- PROBLEM TO WORK ON: Exactly as written, copy every line from the one containing "Greater Accra Sayi" through the end of the records, with the pictures left out.

____________________

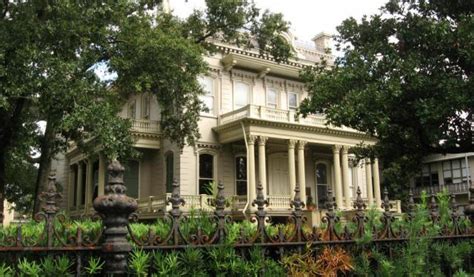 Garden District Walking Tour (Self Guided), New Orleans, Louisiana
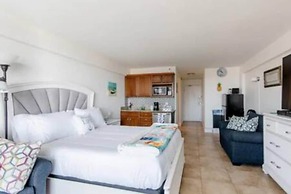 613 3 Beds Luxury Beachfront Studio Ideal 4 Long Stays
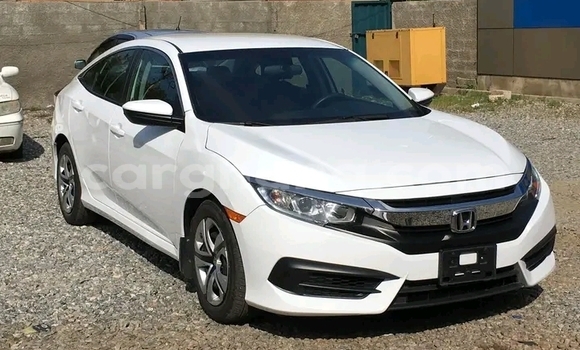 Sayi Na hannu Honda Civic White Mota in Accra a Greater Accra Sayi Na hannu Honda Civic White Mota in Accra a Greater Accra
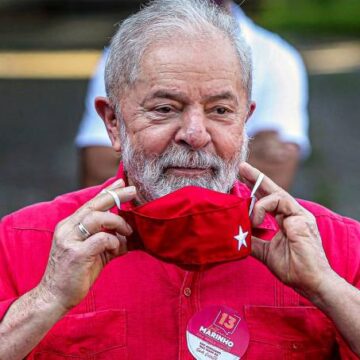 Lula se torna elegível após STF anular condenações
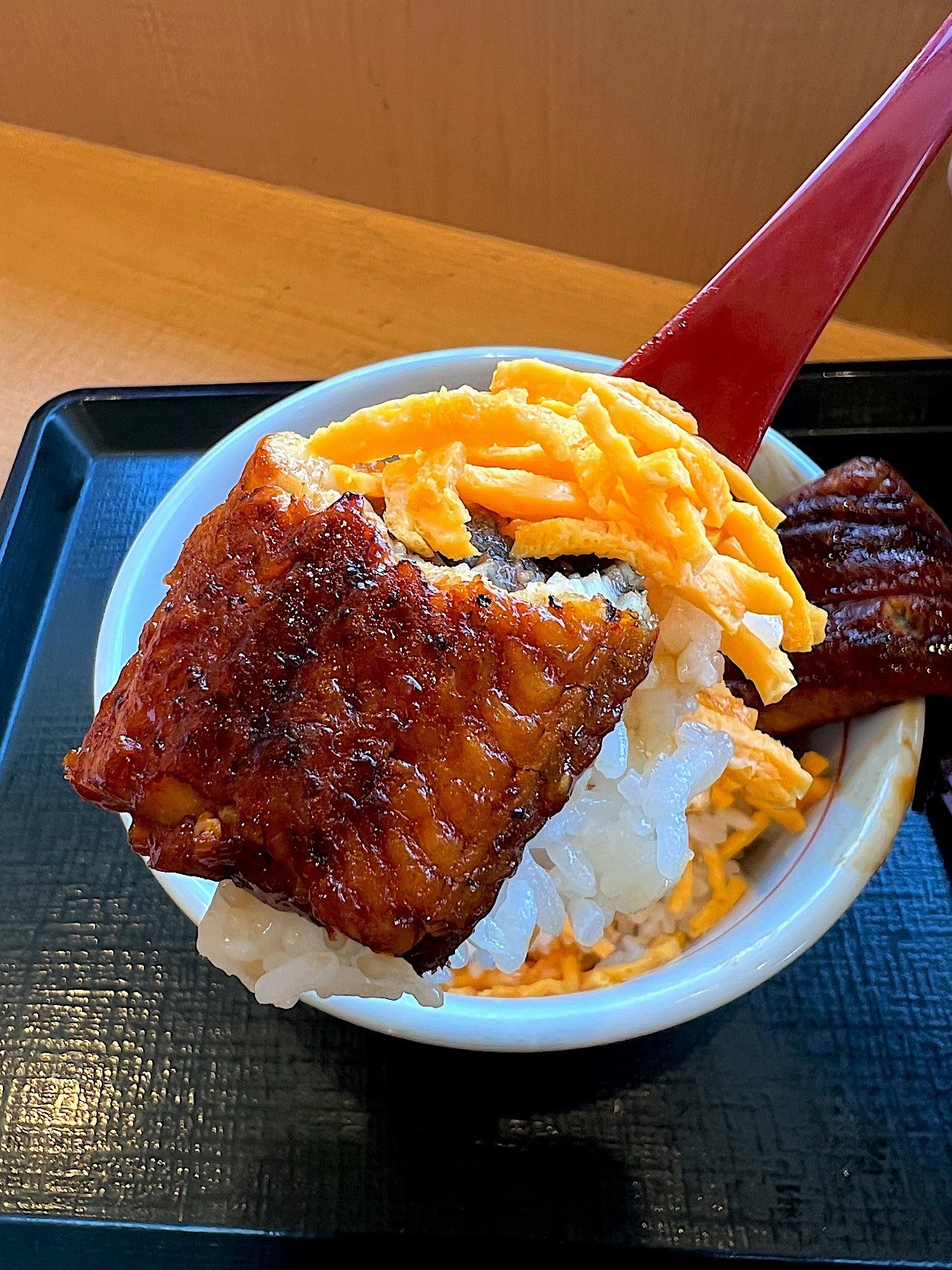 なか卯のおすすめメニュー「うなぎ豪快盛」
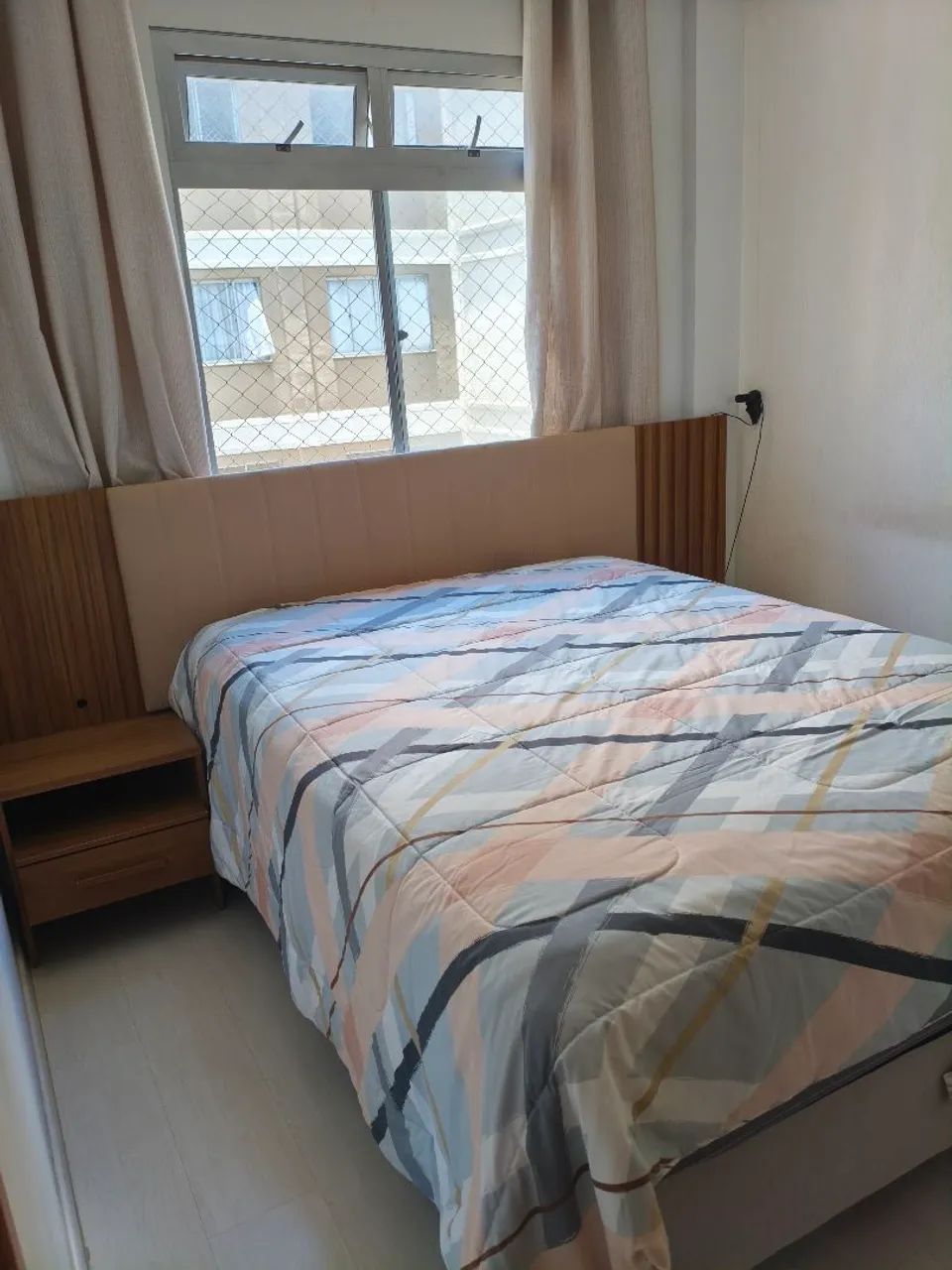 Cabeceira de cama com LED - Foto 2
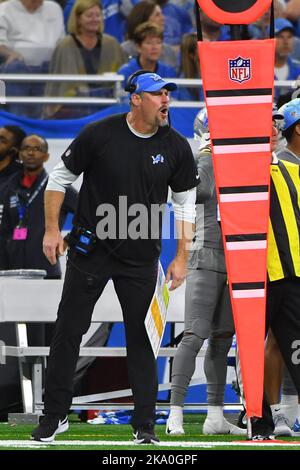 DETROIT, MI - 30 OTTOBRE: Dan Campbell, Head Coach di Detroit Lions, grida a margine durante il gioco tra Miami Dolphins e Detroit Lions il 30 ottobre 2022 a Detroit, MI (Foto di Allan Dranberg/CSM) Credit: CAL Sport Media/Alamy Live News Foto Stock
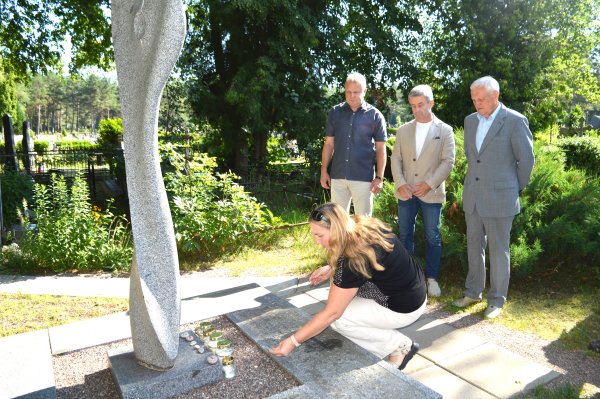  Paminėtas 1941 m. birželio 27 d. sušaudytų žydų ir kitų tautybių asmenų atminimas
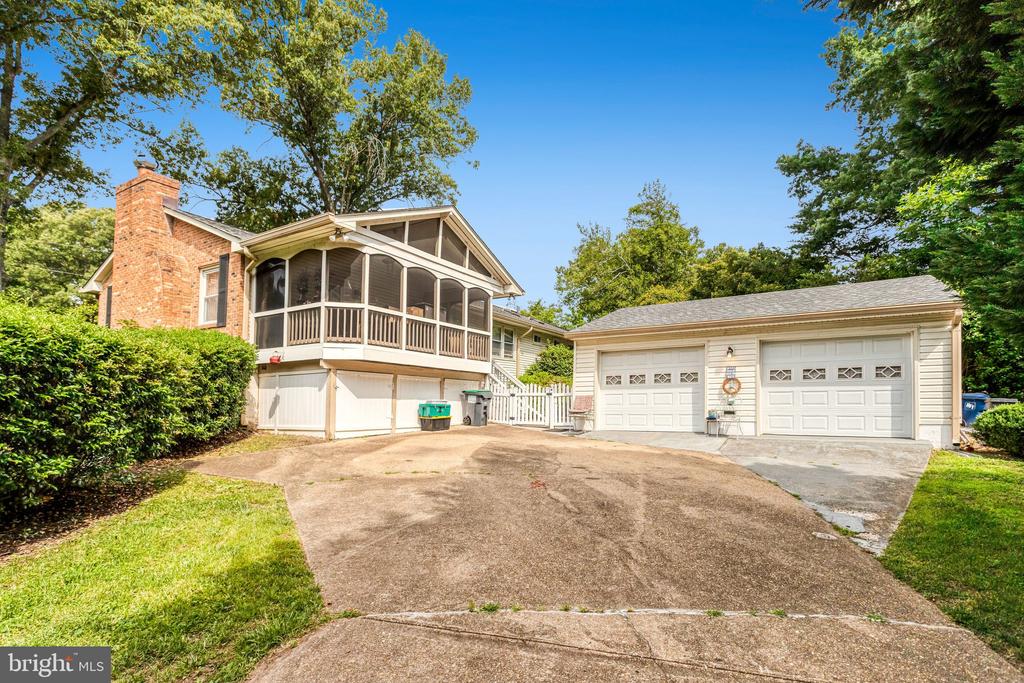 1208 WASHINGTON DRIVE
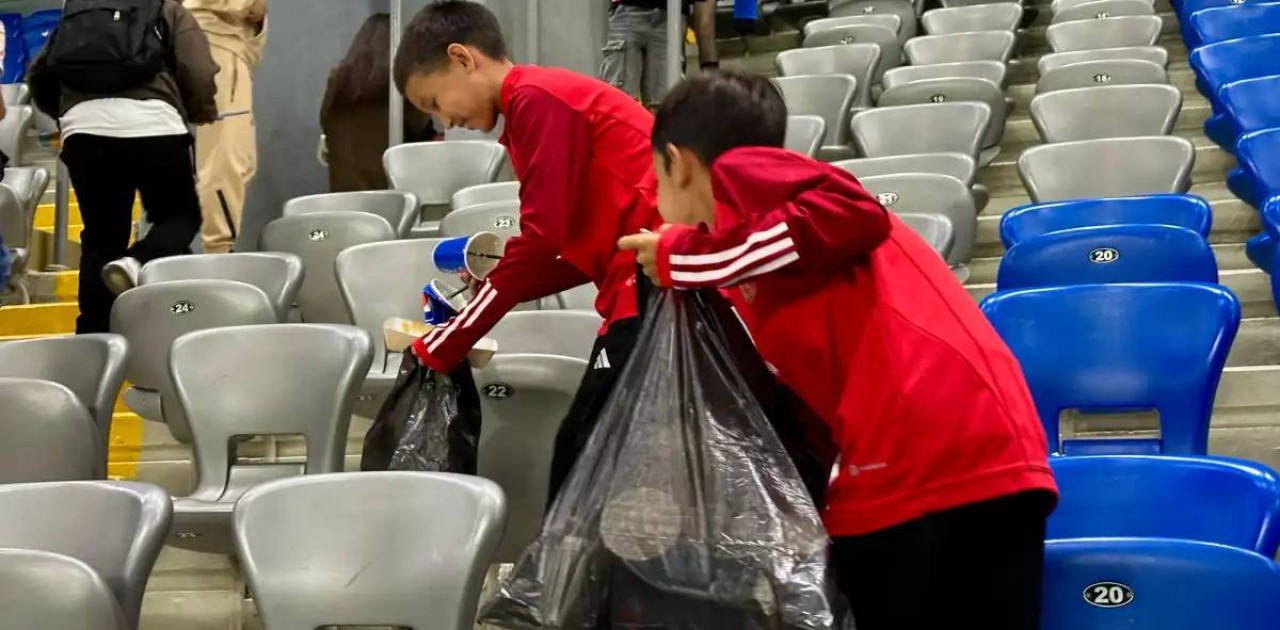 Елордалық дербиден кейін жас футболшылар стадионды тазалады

____________________

- WRITTEN SOLUTION:
 Sayi Na hannu Honda Civic White Mota in Accra a Greater Accra Sayi Na hannu Honda Civic White Mota in Accra a Greater Accra
 Lula se torna elegível após STF anular condenações
 なか卯のおすすめメニュー「うなぎ豪快盛」
 Cabeceira de cama com LED - Foto 2
 DETROIT, MI - 30 OTTOBRE: Dan Campbell, Head Coach di Detroit Lions, grida a margine durante il gioco tra Miami Dolphins e Detroit Lions il 30 ottobre 2022 a Detroit, MI (Foto di Allan Dranberg/CSM) Credit: CAL Sport Media/Alamy Live News Foto Stock
  Paminėtas 1941 m. birželio 27 d. sušaudytų žydų ir kitų tautybių asmenų atminimas
 1208 WASHINGTON DRIVE
 Елордалық дербиден кейін жас футболшылар стадионды тазалады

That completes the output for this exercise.